Under this line are records; the part from the line containing "Sortiment von Produkten, die" through the line containing "Building Photo - 1750 N Bayshore Dr" should be repeated exactly. Please exclude pictures.

* [DATA LISTING]
==========
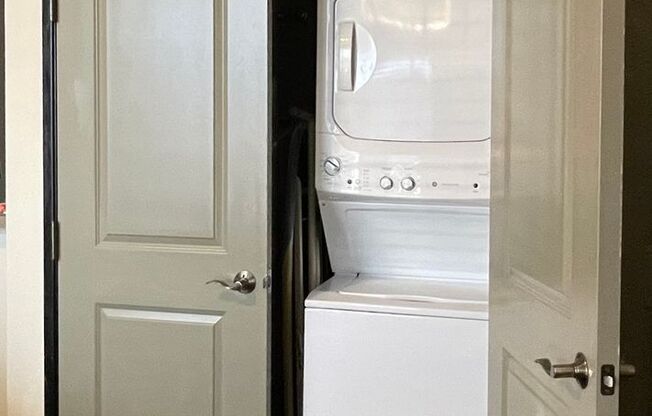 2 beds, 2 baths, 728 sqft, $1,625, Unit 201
==========
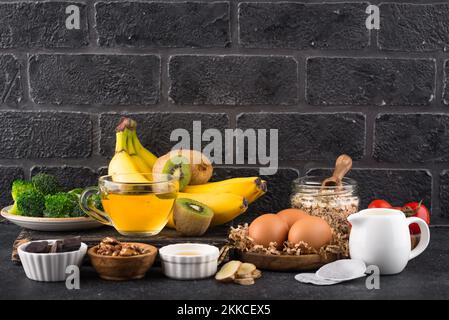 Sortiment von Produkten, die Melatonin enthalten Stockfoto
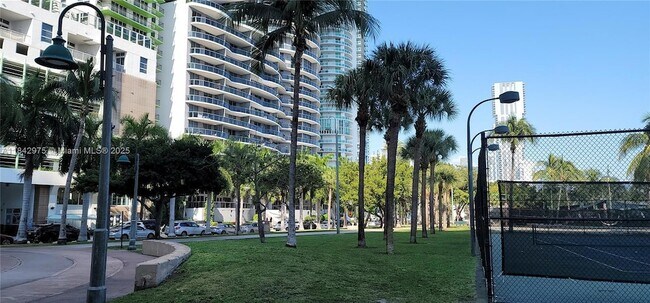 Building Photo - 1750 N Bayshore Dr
==========
* [SOLVED PROBLEM]
 Sortiment von Produkten, die Melatonin enthalten Stockfoto
 Building Photo - 1750 N Bayshore Dr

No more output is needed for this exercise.